What do I do today in 2008?
- Remember where to get upstream code from.
- Get their stuff using one specific revision control tool, find out what the latest-stable branch is.
- Get the source package from the Ubuntu archive. (If I’m not an Ubuntu developer I download a .orig.tar.gz, a .diff.gz and a .dsc file from somewhere not very well discoverable.)
- Use the one specific revision control tool to extract whatever the last commit was, write it to a patch file.
- Find out if the source package uses a patch system and somehow mangle the patch into it.
- Write a debian/changelog entry that documents what upstream has documented in their ChangeLog (and the revision control log) already.
- Convert it into a source package.
- Upload it to the build daemon.
Even if we’re going to use revision control for everything and have a great dictionary that knows where all the sources for source code are and attach human readable names to them, we’re still going to run into something like:
$ myrcs pull ../upstream-latest/ ERROR: These branches have diverged. Use the merge command to reconcile them. $ myrcs merge ../upstream-latest/ ERROR: Branches have no common ancestor, and no merge base revision was specified.

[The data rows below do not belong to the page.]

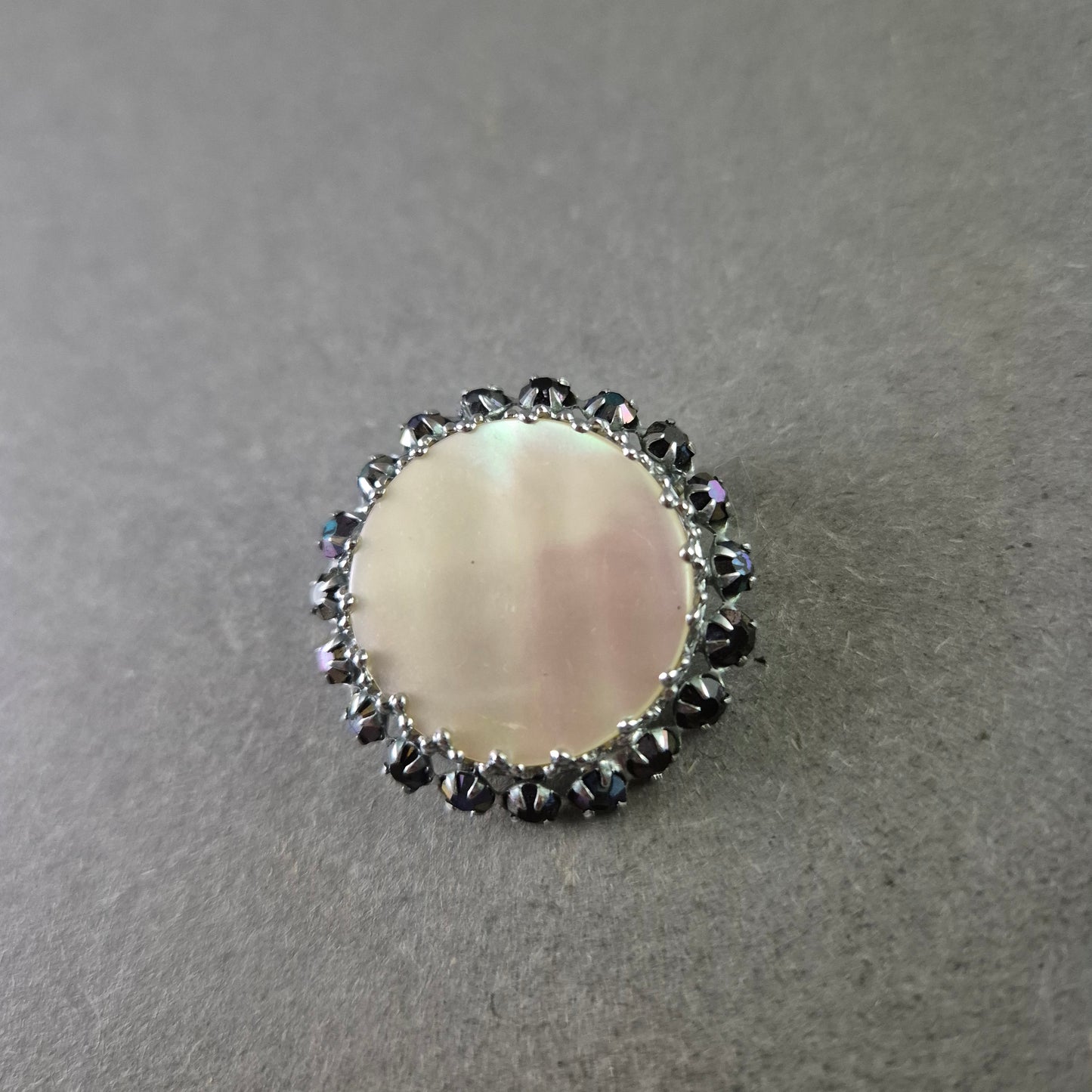 Runde Brosche mit Perlmutt und schwarzer Steinverzierung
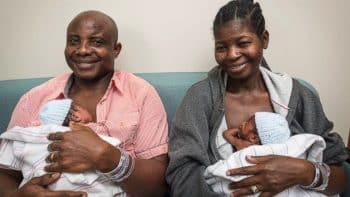 Adeboye and Ajibola Taiwo hold two of their sextuplets on May 23, 2017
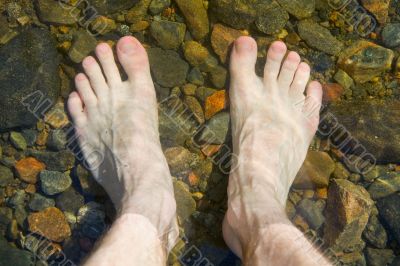 bare feet on shoal of lake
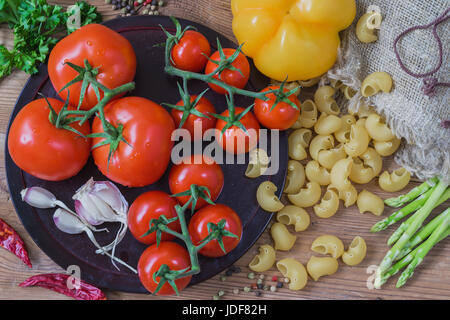 Ingrédients pour la cuisine italienne - pâtes italiennes et les légumes crus, différentes variétés de tomates, l'ail, les asperges, le poivron sur fond de bois. Vue d'en haut Banque D'Images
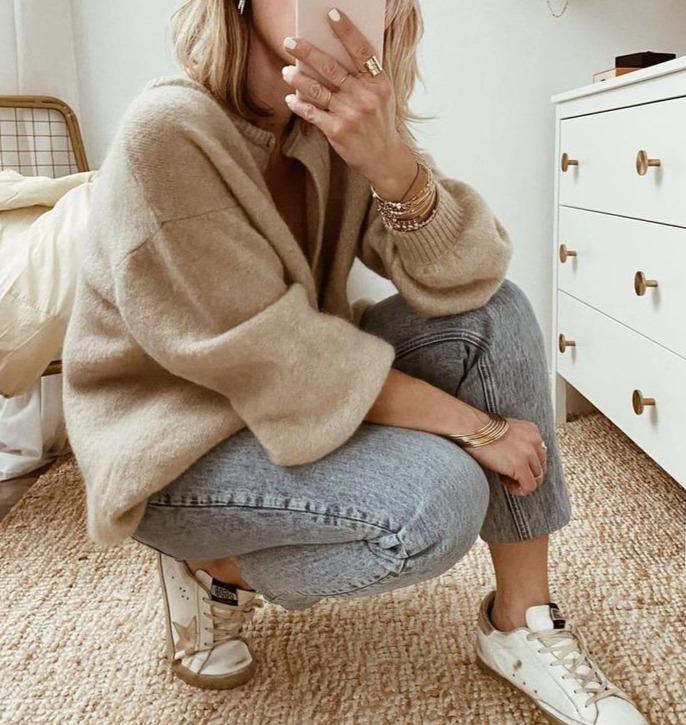Femme en pull beige et jeans, accroupie sur un tapis beige, prenant un selfie. Mode décontractée, baskets blanches, chambre moderne.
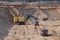 Largest mining excavator with electric shovel loading sand into dump truck in opencast. Orange mining trucks transports sand
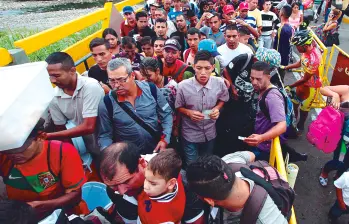Venezuela registra el mayor éxodo en la historia de América Latina: 7,7 millones de migrantes y refugiados. Más del 80 % de la población vive en pobreza multidimensional, según la Encuesta Nacional de Condiciones de Vida (Encovi). Y por eso se escaparon de ese país más de 7,7 millones de ciudadanos. FOTO AFP 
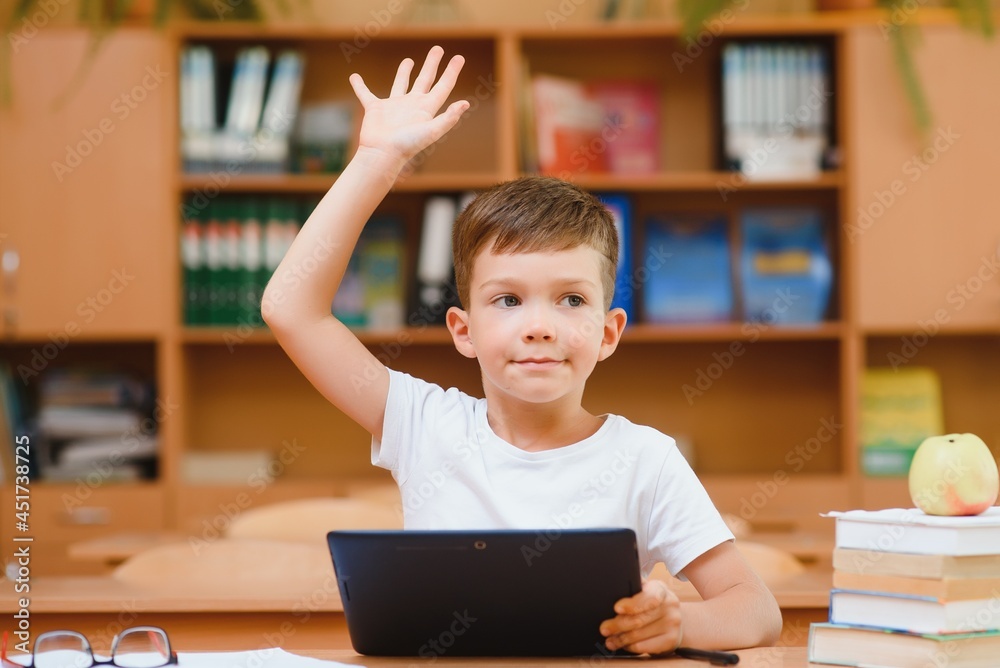 Elementary schoolboy using digital tablet with classmate studying in background at classroom Elementary schoolboy using digital tablet with classmate studying in background at classroom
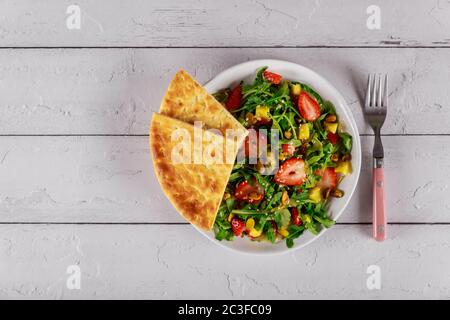 Insalata con rucola, ananas, pistacchi e fragole su un piatto bianco con pita pane. Foto Stock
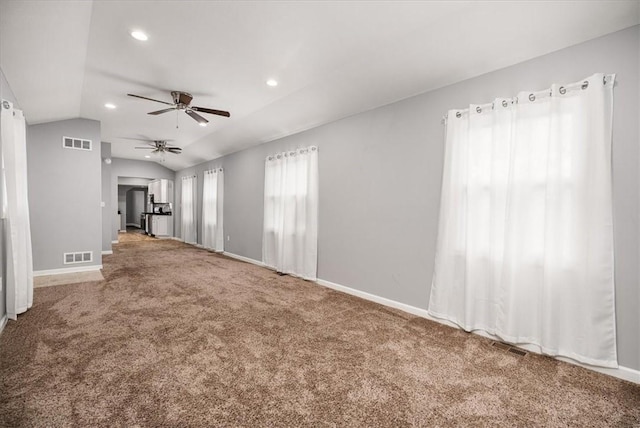 unfurnished living room with ceiling fan, lofted ceiling, and carpet floors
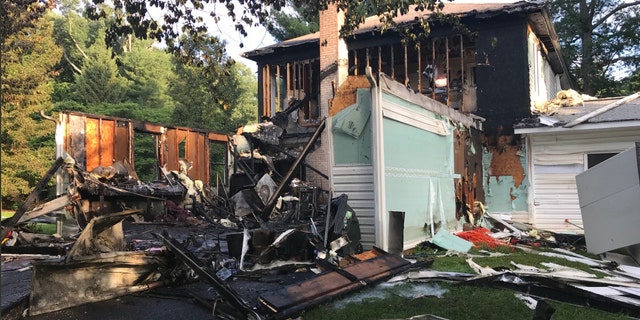 Matthew Denakis tells Fox News his in-laws' garage burned down, as did one side of the home. The roof had also collapsed on the hallway and some of the rooms.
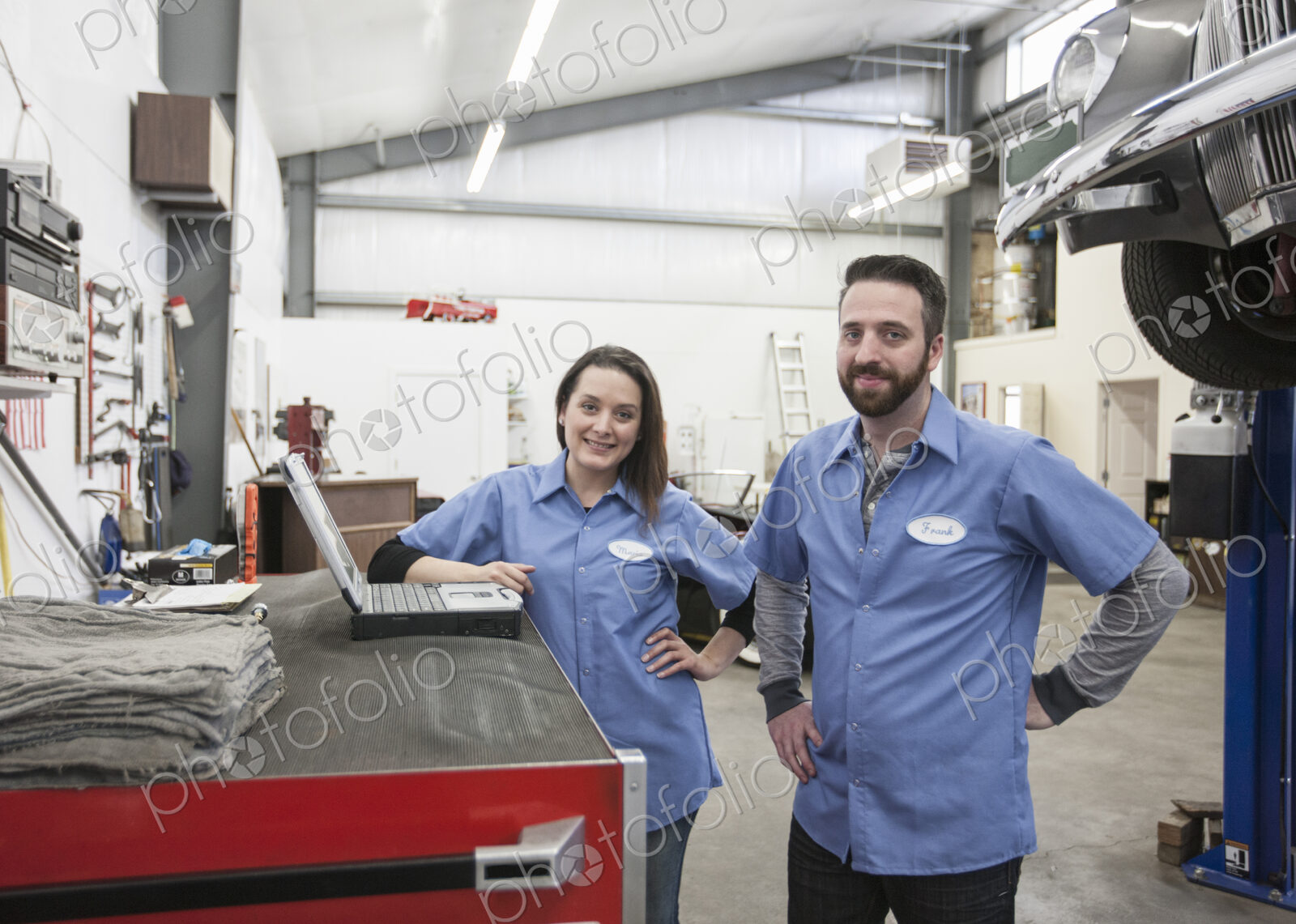 A portrait of two caucasian male and female mechanics in an antique car repair shop.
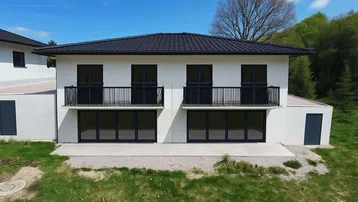 Neubau-Doppelhaushälfte mit moderner Architektur, Balkonen und kleiner Terrasse im Grünen.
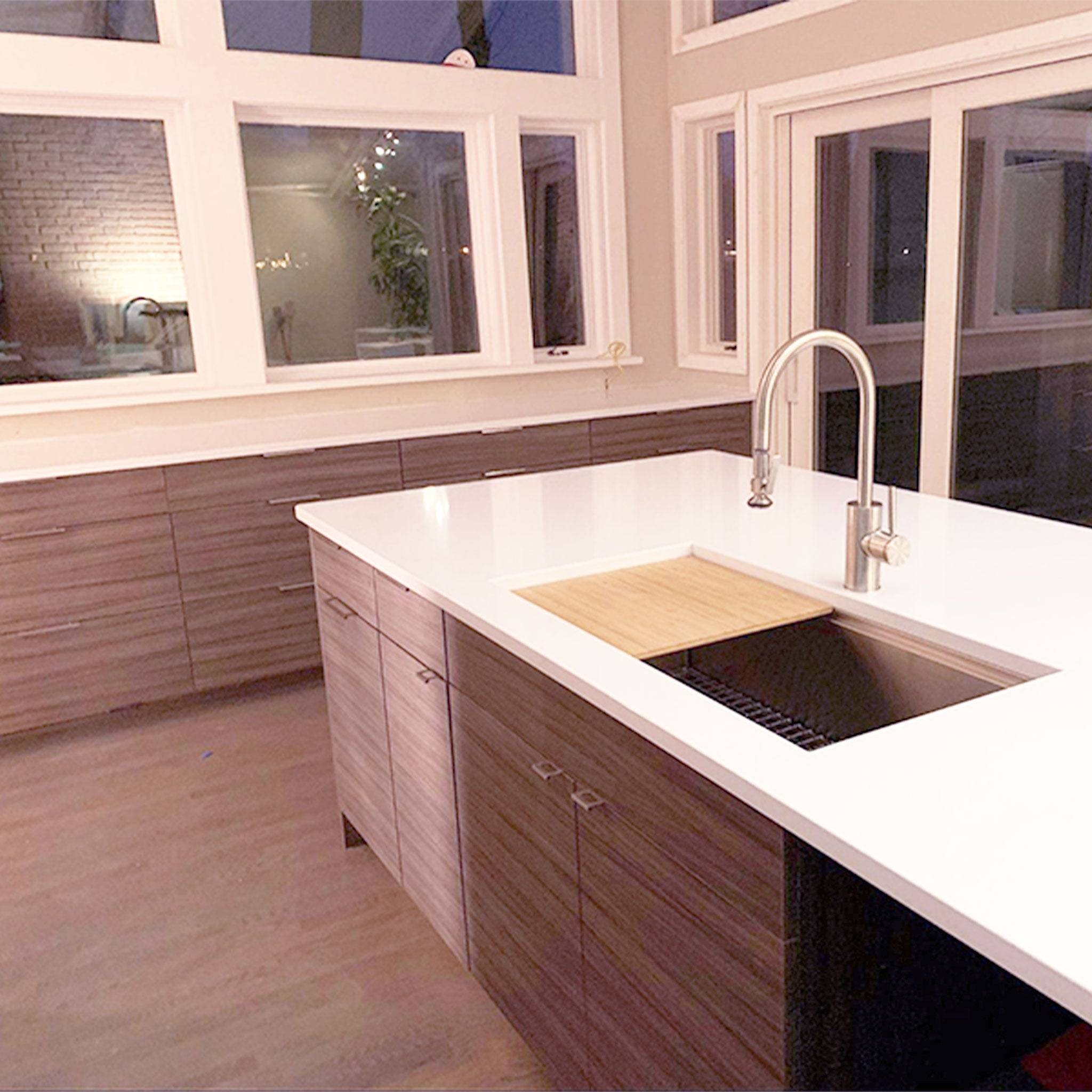 Spacious modern kitchen featuring a 37-inch workstation sink with a built-in ledge. Sleek white countertop and dark wood cabinetry enhance aesthetics.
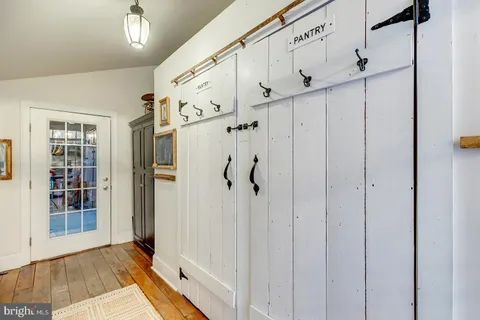 a backyard of a house with outdoor seating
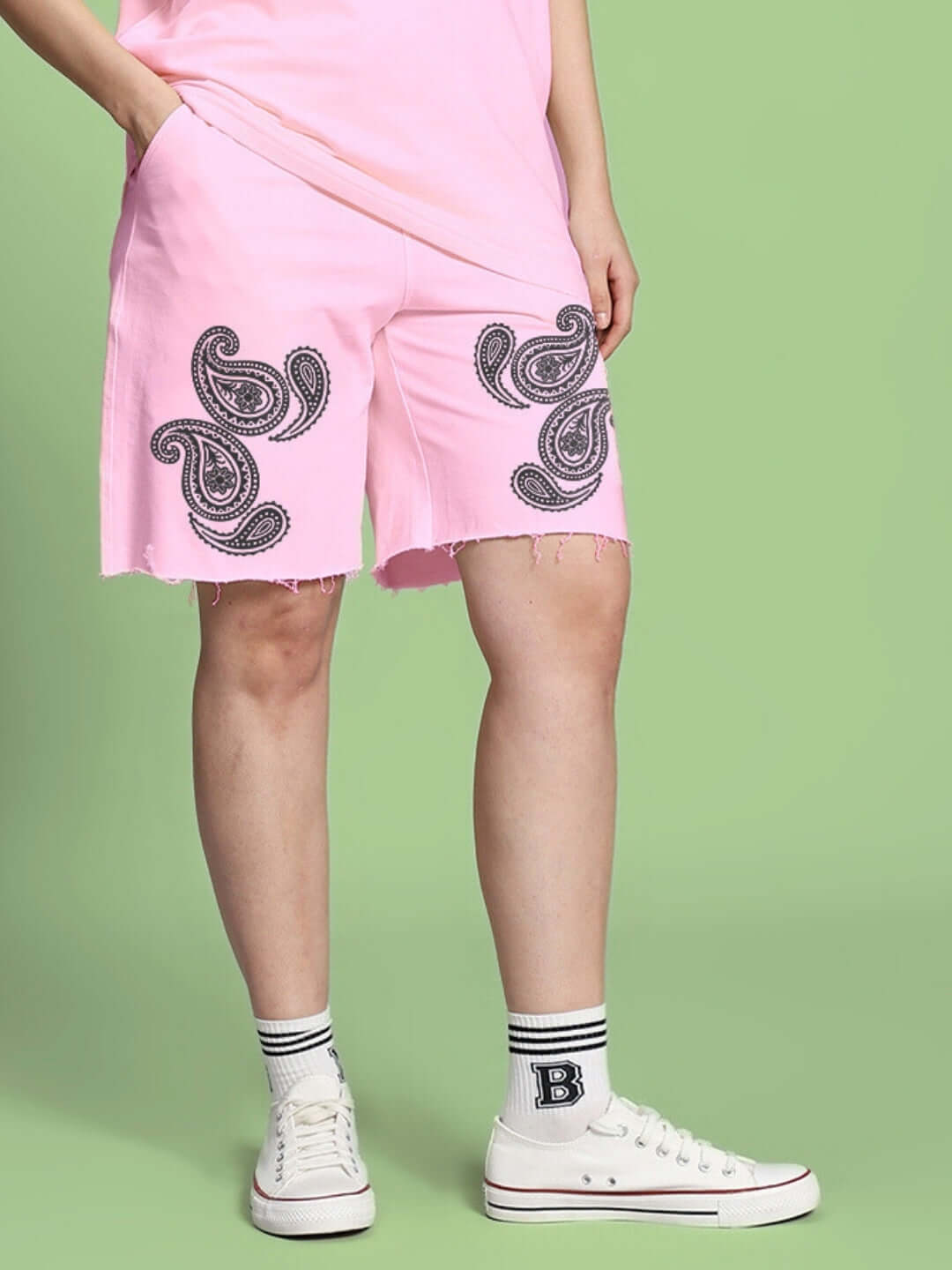 Pink women's shorts with paisley print, regular fit, shown with casual outfit on green background.
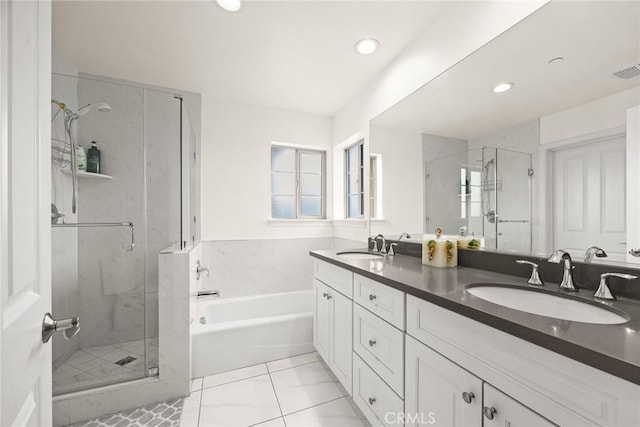 5402 Peck Rd, El Monte, CA 91732 - bathroom with a shower stall, a garden tub, double vanity, recessed lighting, and tile patterned floors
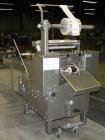 Used Doboy Scotty II Horizontal Flow Wrapper. Capable of speeds up to 75 packages per minute. Has 5' Long lugged chain infeed. Package size range: length 4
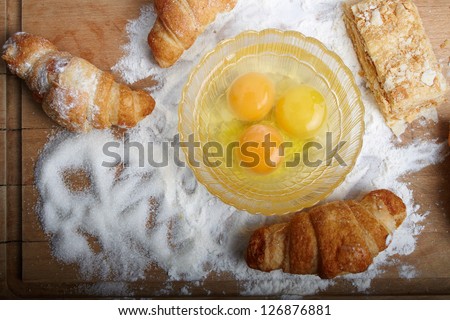The broken eggs and baking on the wooden board poured by a flour and sugar.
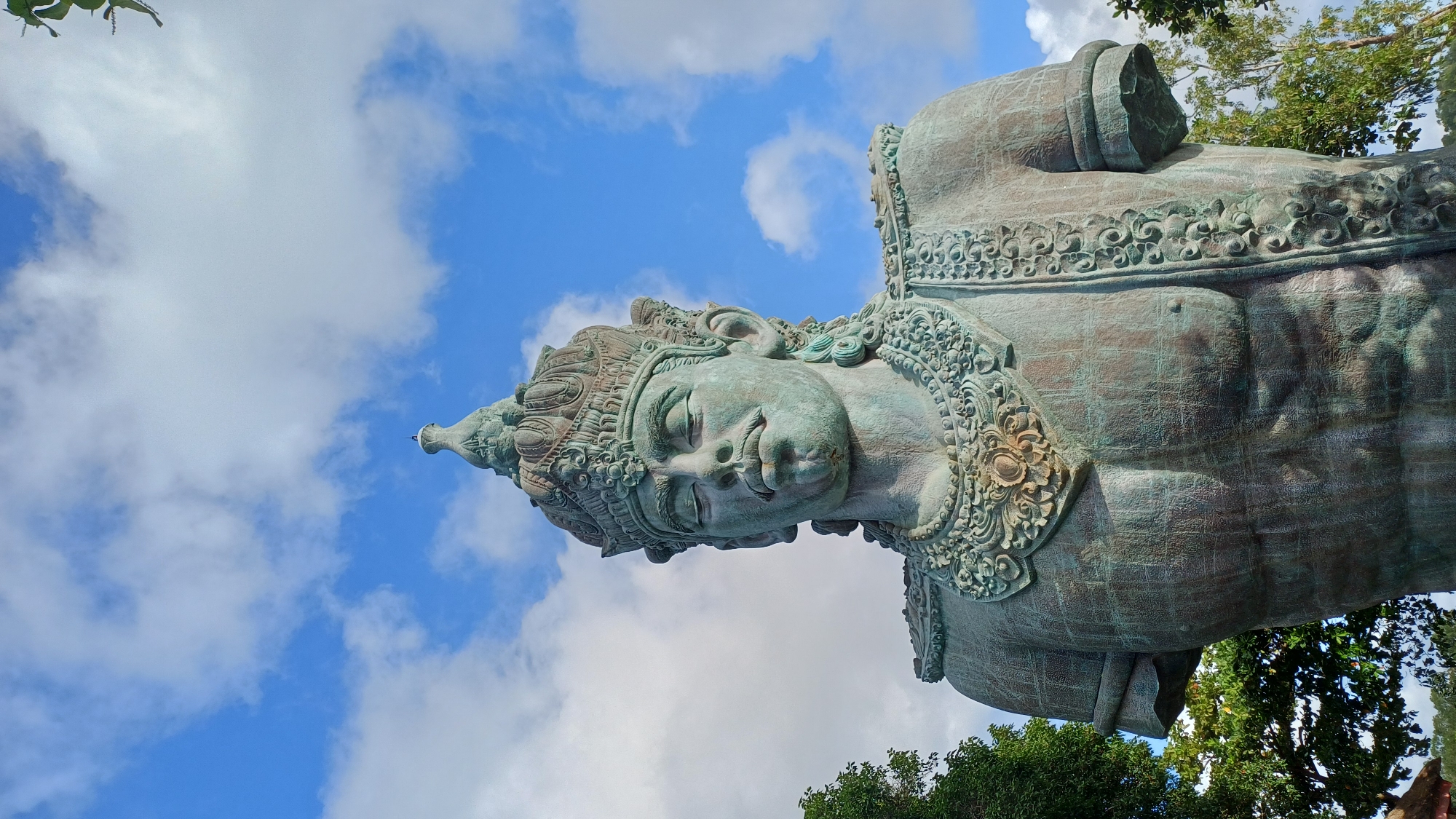 The image features a close-up view of a portion of the Garuda Wisnu Kencana statue, located in Kuta Selatan, Bali, Indonesia. The focus is on the head and upper torso of the statue, set against a backdrop of a partly cloudy sky. The statue appears to be constructed from a greenish-bronze-colored metal. The head is adorned with intricate carvings and details. The statue is viewed from below, looking upwards.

Why is that? Because the history of distro packages is very different from the upstream history. In a simple case, you’d have something like: 1.0-0ubuntu1, 1.0-0ubuntu2, 1.1-0ubuntu1 vs. r101, r102, r103, r104, r105, r105.1, r105.2, etc.
Even if we had a magic tool that would merge two sets of history into one we’d have the trouble of files that turn up in one of the branches and not the other, like automatically generated files in the release tarball (configure script, Makefiles, etc.).
The next use-case should work exactly the same: somebody tells me that Fedora has an interesting patch for a bug that our users complain about. One golden day in the future I want to run:
myrcs init-repo gcalctool; cd gcalctool myrcs get ubuntu/latest/gcalctool ubuntu-latest myrcs get fedora/latest-stable/gcalctool fedora-latest cd ubuntu-latest; myrcs diff . ../fedora-latest
to find out how we can fix the issue.
Today we have too many speed bumps and too much frictional loss. It’s simply no fun to
- stay on top of what’s happening in various very separate worlds.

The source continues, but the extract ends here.